**Assigned task**
Retype the listing exactly, with no images.

**Raw data**
══════
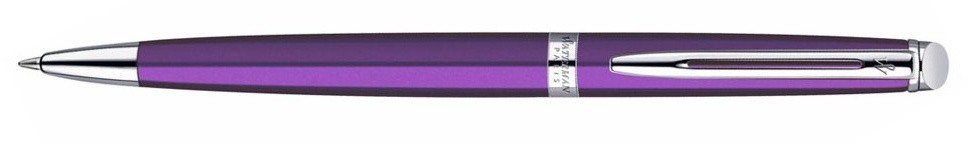Шариковая ручка Waterman Hemisphere Essential 2013, Purple CT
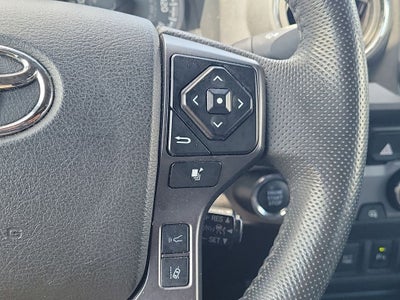 2023 Toyota Tacoma TRD Sport V6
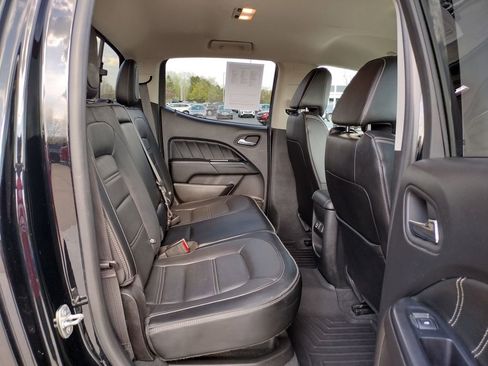 Used 2021 GMC Canyon Denali AWD/4WD image 18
══════
**Response**
Шариковая ручка Waterman Hemisphere Essential 2013, Purple CT
 2023 Toyota Tacoma TRD Sport V6
 Used 2021 GMC Canyon Denali AWD/4WD image 18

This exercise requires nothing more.